After further explication of verse 21, at verse 22 Ratnākaraśānti draws out the implications

of this problem by casting his opponent as a pseudo-pramāṇavādin as well as a pseudo-

Mādhyamika:

If everything that appears in our awareness is non-existent, there


could be neither direct perception nor inference.
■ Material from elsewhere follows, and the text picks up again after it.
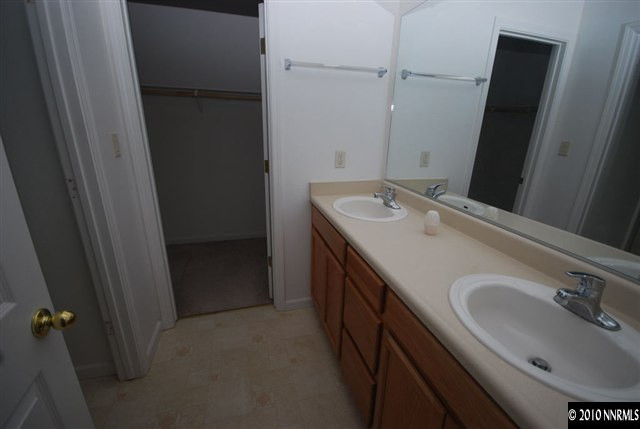 2255 Eagle Greens Drive Reno, NV 89521 - Photo 8 of 13 Photo 8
How could
someone who advocates a position in which there is no
causality/evidence (rgyu) and everything is false be speaking in
good faith (smra ba, *vādin)? //22//

This verse highlights once again the tensions that a Mādhyamika such as Śāntarakṣita faces in

trying to integrate pramāṇa with their view of the two truths. While this presentation has focused

on Śāntarakṣita’s attempts to integrate yogācāra, pramāṇa, and madhyamaka together, I believe

that here Ratnākaraśānti is dismissing all pseudo-Mādhyamaka’s attempts to make sense of

pramāṇa while maintaining the two truths. As we have seen, Ratnākaraśānti feels the stakes are

much higher than getting Dharmakīrti right, however—which they must be. Some

Mādhyamikas—including many of whom we are accustomed to calling prāsaṅgikas—would agree

that Madhyamaka is in tension with the pramāṇa tradition; those Mādhyamikas respond by

abandoning pramāṇa. Ratnākaraśānti’s response is perhaps less familiar to us—he argues that

abandoning pseudo-Mādhyamika is the only way to be an authentic Mahāyāna Buddhist—it is

notable that the tension he is responding to would seem to be the same. Thank you.